How Windows Are Rated for Energy Efficiency
Last updated in November 2016
Modern windows are constructed to reduce your home’s wintertime heat loss, enhance its wintertime heat gain from the sun, and suppress its summertime heat gain.
Within each window style and construction option, you’ll find windows available that provide different levels of energy efficiency—in general, the more efficient the window, the higher its price.
By choosing efficient windows, you conserve energy. That saves you money, saves world resources, and reduces your contribution to pollution. In addition, preventing heat from escaping your home will make your home more comfortable. You will eliminate cold areas around windows.
When choosing among windows, look for several factors that measure energy conservation performance:
Construction and Insulation
Modern “insulated” windows are constructed using two or three panes of glass, with air or an inert gas such as argon or krypton filling the space between panes. The air or gas is an insulator, more resistant to the passage of heat than solid glass. Usually one or more of the panes are glazed with a thin transparent film of metal that reduces the pane’s ability to radiate heat; this is called a low-E coating. In high-quality windows, the materials of the frame itself are poor heat conductors. The spacer material that separates the panes of glass around the edges is another issue. Aluminum, a common spacer material, is highly conductive, transferring heat from pane to pane; rigid foams and other less conductive materials replace aluminum in some windows.
This measures the ease with which heat passes through the window. In order to minimize heat loss, you want windows with a low U-factor. Old windows with a single pane of glass in an aluminum frame might have a U-factor of about 1.3; some new high-tech windows have U-factors as low as 0.1. In this area, the U.S. Department of Energy currently requires that new residential windows have U-factors of .30 or lower. Sometimes U-factors are calculated for the glass area only. That is not very useful; you should get information on the U-factor for the entire window assembly.
Solar Heat Gain Coefficient (SHGC)
This expresses the fraction of the sun’s radiation that is admitted through a window. In cold weather, a high SHGC number is desirable for windows that receive a lot of direct sun exposure. The heat from solar radiation a home takes in through a south-facing window may be great enough to more than offset heat loss through the window, making the window better than a well-insulated wall from an energy conservation standpoint. On the other hand, in warm weather a high SHGC number in windows that receive a lot of direct sun exposure is undesirable, as the heat from the solar radiation raises indoor temperatures, forcing air-conditioning systems to work harder. The ideal solution is to have a high SHGC on south-facing windows, which get direct exposure to the sun when the sun is low in the sky in the winter, and then shade these windows in the summer with a roof overhang or trees.
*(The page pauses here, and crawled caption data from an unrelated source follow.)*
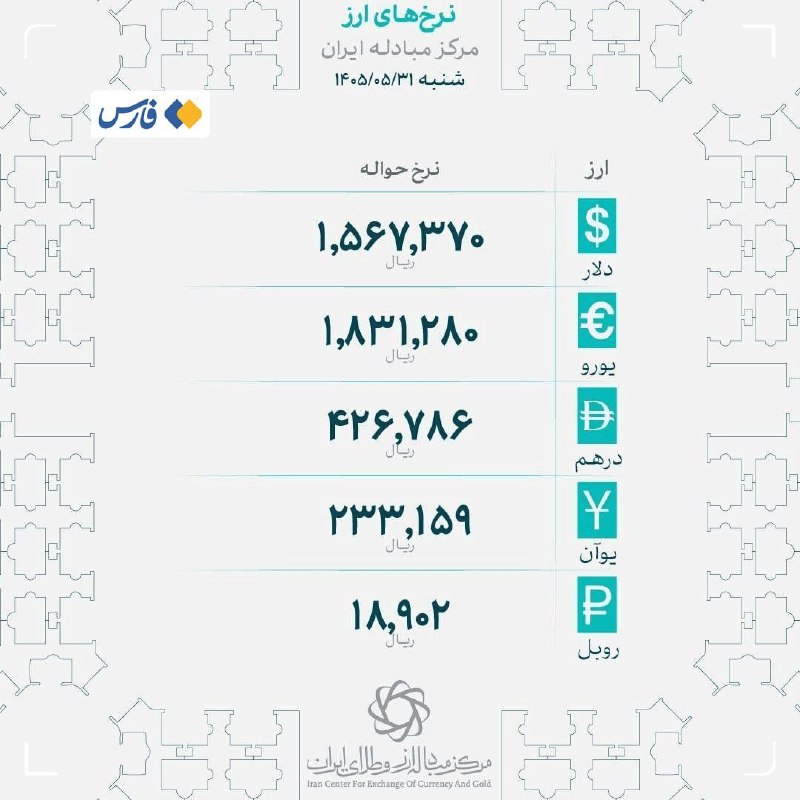 اخبار قم: نرخهای جدید حوالهٔ ارز در مرکز مبادلهٔ ایران اعلام شد🔹دلار: ۱۵۶٬۷۳۷ تومان🔹یورو: ۱۸۳٬۱۲۸ تومان🔹درهم: ۴۲٬۶۷۸ تومان🔹یوآن: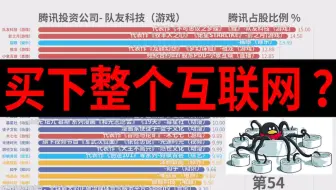 腾讯万亿投资帝国？腾讯持有最多的100家企业！全网最全！【数据可视化】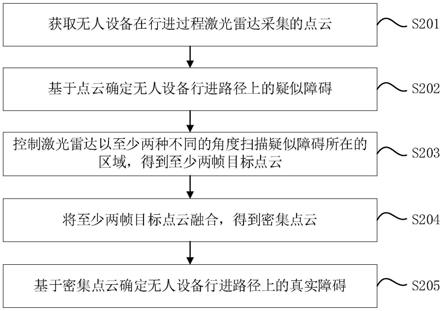 无人设备路面障碍检测方法、装置、无人设备及存储介质与流程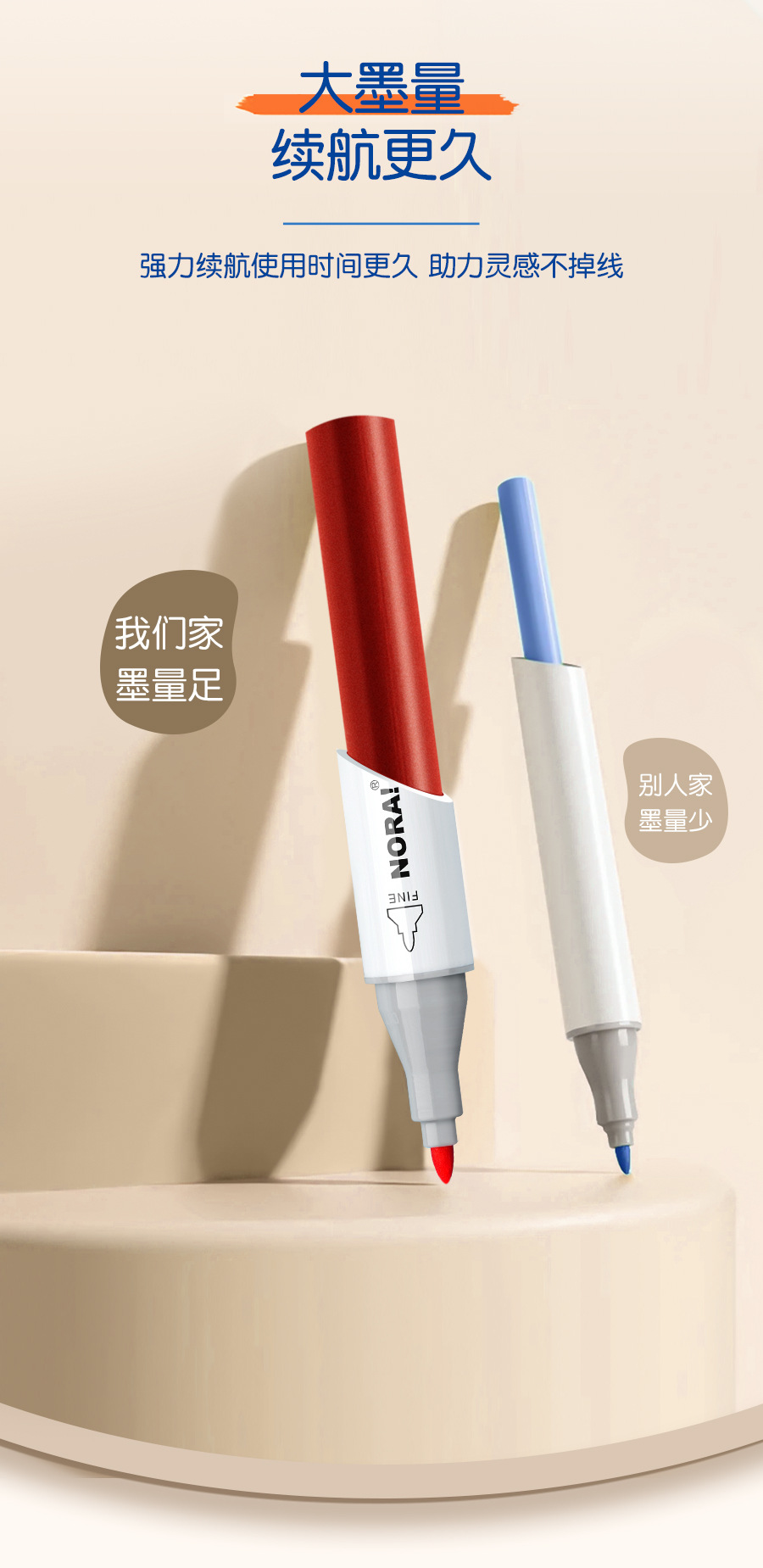 Tianhui Cross-border Double-headed oil-based marker pen, four-corner rod, large-capacity square head watercolor pen, student painting and design brush pic 13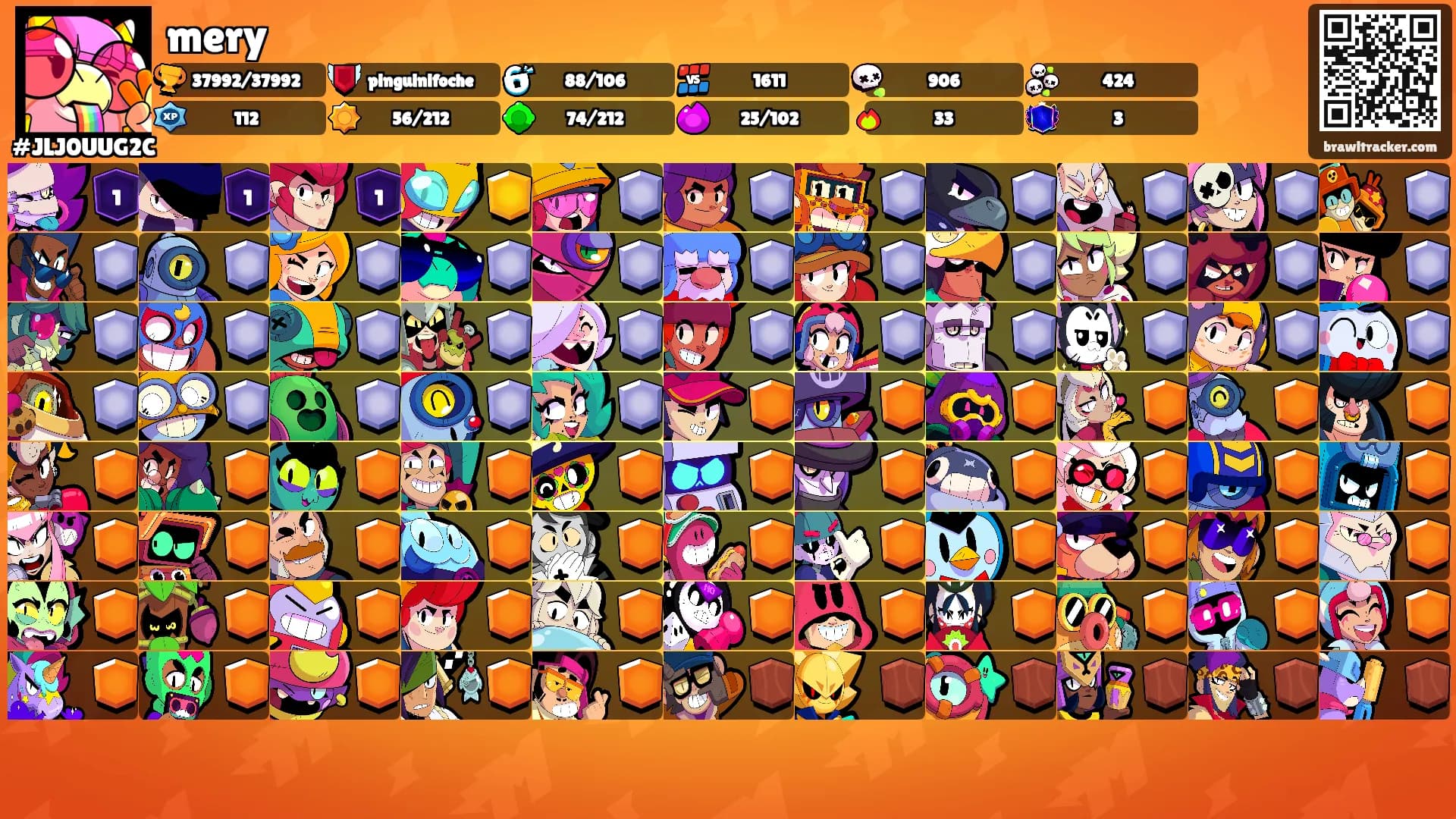 mery's Ranks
In general, as U-factor goes down (when more effective low-E coatings are added to the glass), so does the SHGC measurement. For a south-facing window you may decide to sacrifice some ability to prevent heat loss in favor of a window with high solar heat gain potential. An old window with a single clear pane of glass with no special low-E coating might have an SHGC rating of about 0.70; a double-glazed window with low-E coating on both panes might have an SHGC of about 0.35, meaning it transmits about half as much solar heat as the old model.
This is reported in cubic feet per minute per square foot of window (cfm/sq ft), as a measure of the movement of air (convection) between the inside and outside of a building through cracks in and around the window frame. Windows should have an air-leakage rating of 0.3 or less.
How They Affect Sunlight
The whole purpose of having windows, of course, is to create views and admit sunlight. But on the admitting-light front, not all windows are equal. Light passing through a window is affected by the glazing material (glass or plastic), number of layers of panes, and any coatings applied to the panes. Window-makers use “visible transmittance” (VT) to indicate how much light windows admit. VT ranges from more than 90 percent for clear glass to under 10 percent for windows with highly reflective coatings on top of tinted glass. You may have to sacrifice some visible light that would come through a window to achieve an acceptable level of energy efficiency. This means that what you see outdoors will not look as bright as it otherwise would. The diminished brightness may not bother you—might even please you—on sunny days, but could be undesirable at night.